▸ Assigned task:
Please keep to the lines below from the one with "Blue Light Blocking" through the one with "Wohnwand >Noida< in", and restate them word for word, ends included.

▸ Records shown:

● ● ● ● ●

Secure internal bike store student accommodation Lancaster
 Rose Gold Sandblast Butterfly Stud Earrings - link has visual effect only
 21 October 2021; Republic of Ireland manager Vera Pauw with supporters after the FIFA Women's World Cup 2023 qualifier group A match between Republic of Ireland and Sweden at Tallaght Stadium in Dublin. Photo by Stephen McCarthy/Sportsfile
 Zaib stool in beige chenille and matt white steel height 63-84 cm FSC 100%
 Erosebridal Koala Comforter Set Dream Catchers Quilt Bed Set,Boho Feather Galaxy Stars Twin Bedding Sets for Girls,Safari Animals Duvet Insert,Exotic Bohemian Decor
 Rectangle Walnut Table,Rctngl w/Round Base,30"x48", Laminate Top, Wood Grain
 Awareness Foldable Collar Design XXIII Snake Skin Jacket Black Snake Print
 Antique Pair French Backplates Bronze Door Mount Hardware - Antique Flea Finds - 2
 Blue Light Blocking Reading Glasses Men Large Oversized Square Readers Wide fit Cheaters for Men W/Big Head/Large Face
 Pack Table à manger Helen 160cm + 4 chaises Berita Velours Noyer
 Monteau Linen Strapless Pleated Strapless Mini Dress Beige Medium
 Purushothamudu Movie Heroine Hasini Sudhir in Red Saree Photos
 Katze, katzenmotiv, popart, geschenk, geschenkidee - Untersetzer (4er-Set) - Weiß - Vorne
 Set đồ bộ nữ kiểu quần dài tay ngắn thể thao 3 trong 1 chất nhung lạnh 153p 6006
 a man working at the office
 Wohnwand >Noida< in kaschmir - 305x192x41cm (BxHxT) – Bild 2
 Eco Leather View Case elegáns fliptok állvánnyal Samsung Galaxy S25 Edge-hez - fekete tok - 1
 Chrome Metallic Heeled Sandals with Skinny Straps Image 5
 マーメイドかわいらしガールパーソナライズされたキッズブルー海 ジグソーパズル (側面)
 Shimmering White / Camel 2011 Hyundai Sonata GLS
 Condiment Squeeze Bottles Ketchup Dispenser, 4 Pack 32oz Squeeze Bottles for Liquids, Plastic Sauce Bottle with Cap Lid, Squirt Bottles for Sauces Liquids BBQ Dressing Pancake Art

● ● ● ● ●

▸ Task answer:
 Blue Light Blocking Reading Glasses Men Large Oversized Square Readers Wide fit Cheaters for Men W/Big Head/Large Face
 Pack Table à manger Helen 160cm + 4 chaises Berita Velours Noyer
 Monteau Linen Strapless Pleated Strapless Mini Dress Beige Medium
 Purushothamudu Movie Heroine Hasini Sudhir in Red Saree Photos
 Katze, katzenmotiv, popart, geschenk, geschenkidee - Untersetzer (4er-Set) - Weiß - Vorne
 Set đồ bộ nữ kiểu quần dài tay ngắn thể thao 3 trong 1 chất nhung lạnh 153p 6006
 a man working at the office
 Wohnwand >Noida< in kaschmir - 305x192x41cm (BxHxT) – Bild 2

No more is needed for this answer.